Sono veramente felice del riconoscimento degli sforzi della AUSL Romagna anche in merito all’evoluzione tecnologica, che so bene quant’è complessa e travagliata. Ma se nel 2025 siamo da “bollino di qualità” e la nostra Azienda sanitaria non dialoga con l’utente tramite una semplice e-mail, né con il suo URP né con gli indirizzi diretti dei Direttori delle U.O. (gli unici a non essere stati eliminati dal sito istituzionale, ma solo perché sono reperibili nella sezione obbligatoria “Trasparenza”. Quindi nemmeno così semplici da trovare per un utente medio, ignaro della prescrizione amministrativa), siamo certi di andare nella direzione giusta?

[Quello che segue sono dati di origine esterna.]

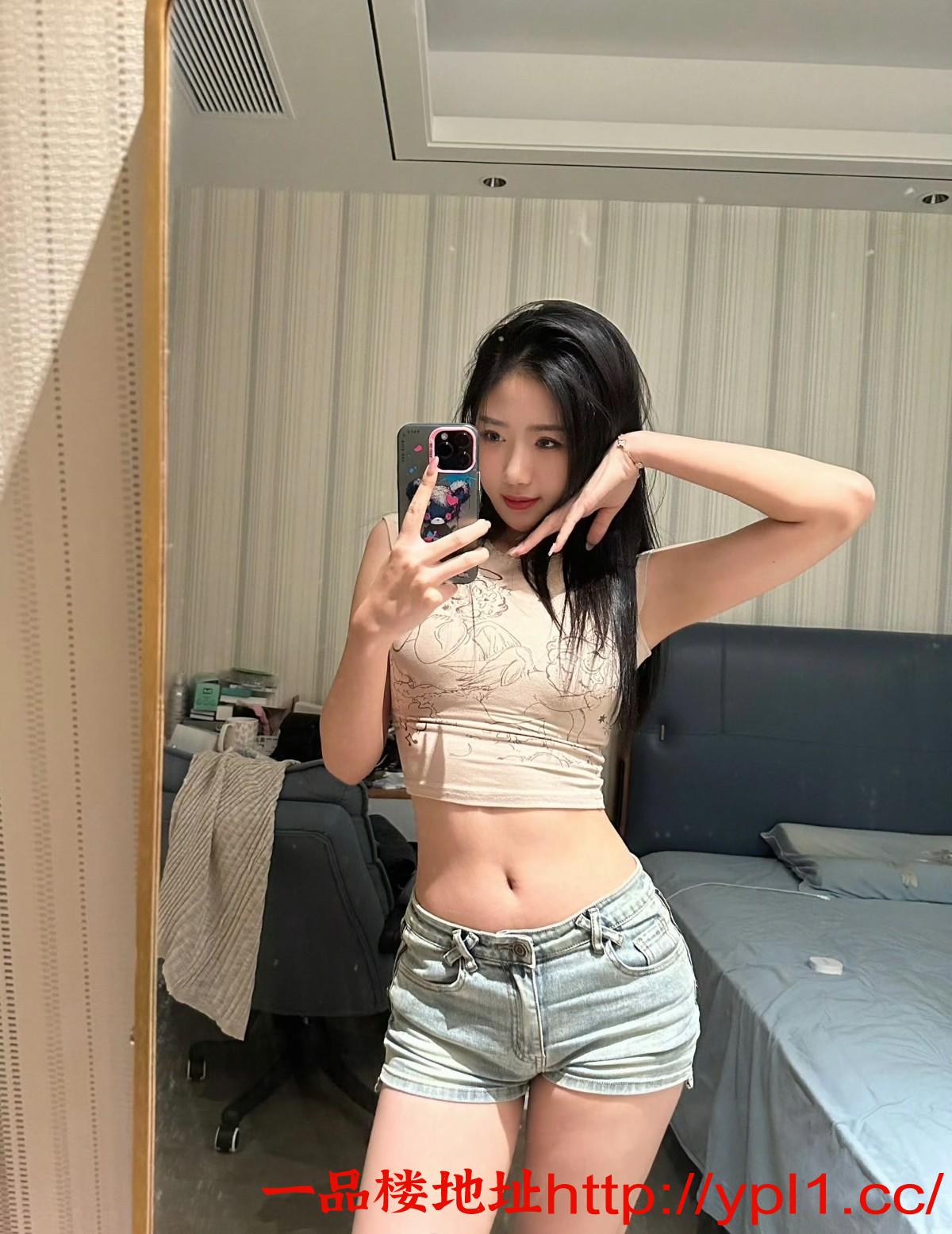 南海02年极品小骚妹身材火辣服务还不错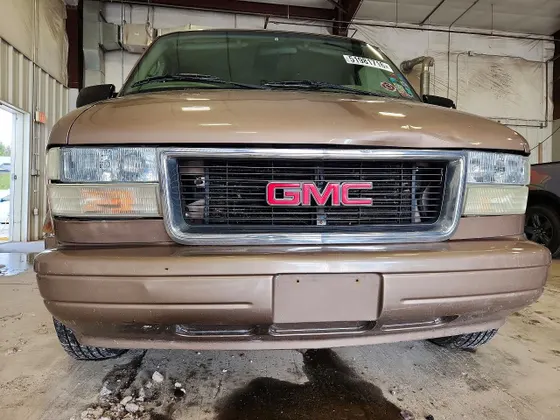 2002 GMC Safari Passenger SAFARI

Non è una domanda puramente sarcastica, ma il tentativo vero di capire cosa aspettarmi da qui in avanti. Capisco perfettamente che un Direttore medico, di questi tempi, non avrebbe nemmeno il tempo materiale per rispondere in prima persona a tutte le missive della cittadinanza. Ma se l’infrastruttura organizzativa intorno a loro latita nel supportarli, o addirittura non c’è, allora… “Houston, abbiamo un problema!”.
I medici di famiglia sono mediamente raggiungibili per qualche minuto al giorno, le strutture ambulatoriali e ospedaliere sono scarsamente raggiungibili a distanza, l’Area Vasta tramuta i pazienti in viaggiatori-pellegrini “all’inseguimento della TAC perduta”.
Mah. Che strana medicina di prossimità!